It may not have been clear to everyone involved, however, that this “established private sector approach” embedded in LEED was actually nascent and untried. One person involved with the bill wasn’t shy about saying—or at least implying—otherwise. He said that they were able to argue, successfully, that “the private sector has already been doing this. It’s in LEED, and LEED has been around since 2000.”
Of course, anyone on this forum knows that EPDs have only been in LEED for a short time: technically, since LEED v4 was introduced in 2013, and effectively only since LEED v2009 was shut down in 2016. Moreover, the actual mechanism adopted into Buy Clean California comes from Option 2 of the EPD credit (Building product disclosure and optimization - environmental product declarations), an option that hardly anyone has so far been able to achieve.
As we explained in our BPDO Cheat Sheet, the threshold for that option is so high that it won’t be achievable for most projects until we have lots more EPDs available, and the performance thresholds for industry average values are better established.
This law might help LEED get there
The good news is that Buy Clean California has the potential to speed up the availability of EPDs, and to help make that option in the LEED credit achievable. So there is a nice virtuous cycle here between the private sector (LEED) and the public sector (California State projects).
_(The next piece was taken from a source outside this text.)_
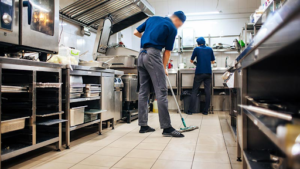 A team of restaurant cleaners cleaning a kitchen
Of course, it’s never as simple as we’d like: Buy Clean California only references the CO2-equivalent value on the EPD, while LEED requires a more complicated comparison based on multiple metrics.
As I describe in the article Buy Clean California is a pioneering effort to affect a major carbon reporting loophole. If this approach is replicated it can make a real impact on overall emissions reductions.
It’s also a huge missed opportunity, in that cement and concrete were dropped from the bill thanks to successful opposition from major players in that industry. I hope they get added back in under future revisions to the law.